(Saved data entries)
================================
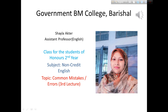As-salamu alaykum, my dear students. This is Shaila Akhtar, assistant professor of English. This class is prepared for the students of honours second year, and the topic of today's class is common mistakes or common errors from your course non-credit English. This is the third lecture of this topic, so let's see which remaining rules are here for you to practice.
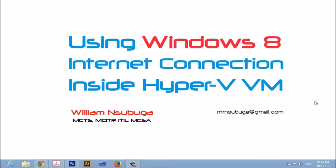After some research and trial and error, I was able to figure it out and configure Hyper-V to use my machine's internet connection. I thought it would be helpful to document the process as a way to help others looking for the same information.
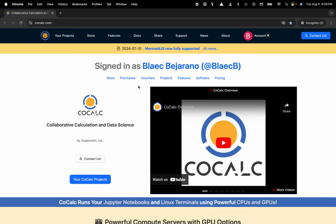Hi everyone, my name is Blake Bejarano and today I'm going to show you how to launch Visual Studio Code with a single click from your CoCalc project.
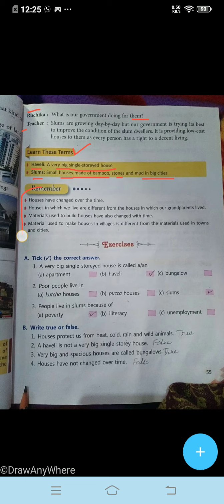Remember all these things: houses have changed over time. Houses in which we live are different from the houses in which our grandparents lived. Materials used to build houses have also changed with time. Material used to make houses in villages is different from the materials used in towns and cities.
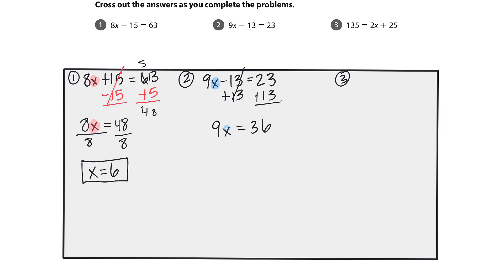Again, I'm looking to isolate or get that x all by itself. 9x is the same as 9 times x, so I'm going to do the opposite of multiplication, which is division. I will divide by 9 on both sides. So x is now all by itself and we have its solution.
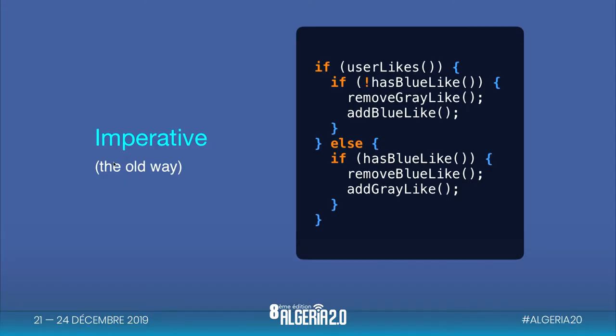This is how we used to do it: we check if the user likes the post, and then we check if it has the blue like. If yes, we remove the grey like and add the blue like. Else, we do the exact opposite steps. This is the old way.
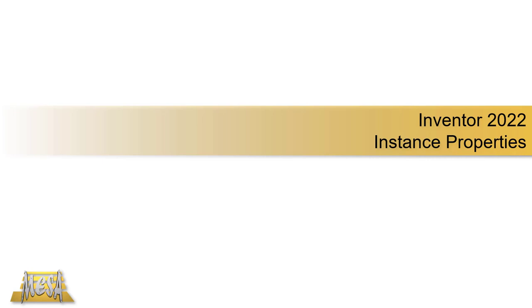Hello, I'm Steve Olson, the manager of training services for Mesa. In this video, I'd like to share with you how to use the instance properties that are new in Inventor 2022.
================================
__WHAT YOU NEED TO DO__
Print the records above exactly, minus pictures.

__ANSWER TO THIS PROBLEM__
As-salamu alaykum, my dear students. This is Shaila Akhtar, assistant professor of English. This class is prepared for the students of honours second year, and the topic of today's class is common mistakes or common errors from your course non-credit English. This is the third lecture of this topic, so let's see which remaining rules are here for you to practice.
After some research and trial and error, I was able to figure it out and configure Hyper-V to use my machine's internet connection. I thought it would be helpful to document the process as a way to help others looking for the same information.
Hi everyone, my name is Blake Bejarano and today I'm going to show you how to launch Visual Studio Code with a single click from your CoCalc project.
Remember all these things: houses have changed over time. Houses in which we live are different from the houses in which our grandparents lived. Materials used to build houses have also changed with time. Material used to make houses in villages is different from the materials used in towns and cities.
Again, I'm looking to isolate or get that x all by itself. 9x is the same as 9 times x, so I'm going to do the opposite of multiplication, which is division. I will divide by 9 on both sides. So x is now all by itself and we have its solution.
This is how we used to do it: we check if the user likes the post, and then we check if it has the blue like. If yes, we remove the grey like and add the blue like. Else, we do the exact opposite steps. This is the old way.
Hello, I'm Steve Olson, the manager of training services for Mesa. In this video, I'd like to share with you how to use the instance properties that are new in Inventor 2022.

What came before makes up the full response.